◆ **Task item**: The output should be exactly the lines from the one containing "ZARA CAMEL TAN" through the last line of the records, and only those.

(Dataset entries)
____________________

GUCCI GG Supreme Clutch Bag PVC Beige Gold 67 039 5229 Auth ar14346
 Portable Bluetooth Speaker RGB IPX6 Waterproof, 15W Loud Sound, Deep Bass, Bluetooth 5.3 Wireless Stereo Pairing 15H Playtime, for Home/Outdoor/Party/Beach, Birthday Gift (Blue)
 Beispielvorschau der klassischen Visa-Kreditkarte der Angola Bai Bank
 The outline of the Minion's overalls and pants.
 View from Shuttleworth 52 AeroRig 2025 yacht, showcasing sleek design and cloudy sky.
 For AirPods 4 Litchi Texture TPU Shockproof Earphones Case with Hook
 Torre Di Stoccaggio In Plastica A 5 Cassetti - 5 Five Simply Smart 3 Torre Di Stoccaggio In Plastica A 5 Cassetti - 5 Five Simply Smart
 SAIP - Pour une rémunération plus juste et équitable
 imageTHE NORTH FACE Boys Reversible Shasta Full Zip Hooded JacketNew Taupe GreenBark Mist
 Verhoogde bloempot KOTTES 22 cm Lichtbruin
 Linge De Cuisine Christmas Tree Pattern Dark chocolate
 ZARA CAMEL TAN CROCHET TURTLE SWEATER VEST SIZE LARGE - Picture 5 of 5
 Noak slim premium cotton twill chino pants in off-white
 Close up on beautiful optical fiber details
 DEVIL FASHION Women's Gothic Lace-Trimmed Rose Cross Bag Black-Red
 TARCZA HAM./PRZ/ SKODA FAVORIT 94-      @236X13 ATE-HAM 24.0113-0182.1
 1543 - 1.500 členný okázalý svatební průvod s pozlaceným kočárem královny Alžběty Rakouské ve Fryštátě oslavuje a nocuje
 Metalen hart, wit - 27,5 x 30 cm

____________________

◆ **Task response**:
 ZARA CAMEL TAN CROCHET TURTLE SWEATER VEST SIZE LARGE - Picture 5 of 5
 Noak slim premium cotton twill chino pants in off-white
 Close up on beautiful optical fiber details
 DEVIL FASHION Women's Gothic Lace-Trimmed Rose Cross Bag Black-Red
 TARCZA HAM./PRZ/ SKODA FAVORIT 94-      @236X13 ATE-HAM 24.0113-0182.1
 1543 - 1.500 členný okázalý svatební průvod s pozlaceným kočárem královny Alžběty Rakouské ve Fryštátě oslavuje a nocuje
 Metalen hart, wit - 27,5 x 30 cm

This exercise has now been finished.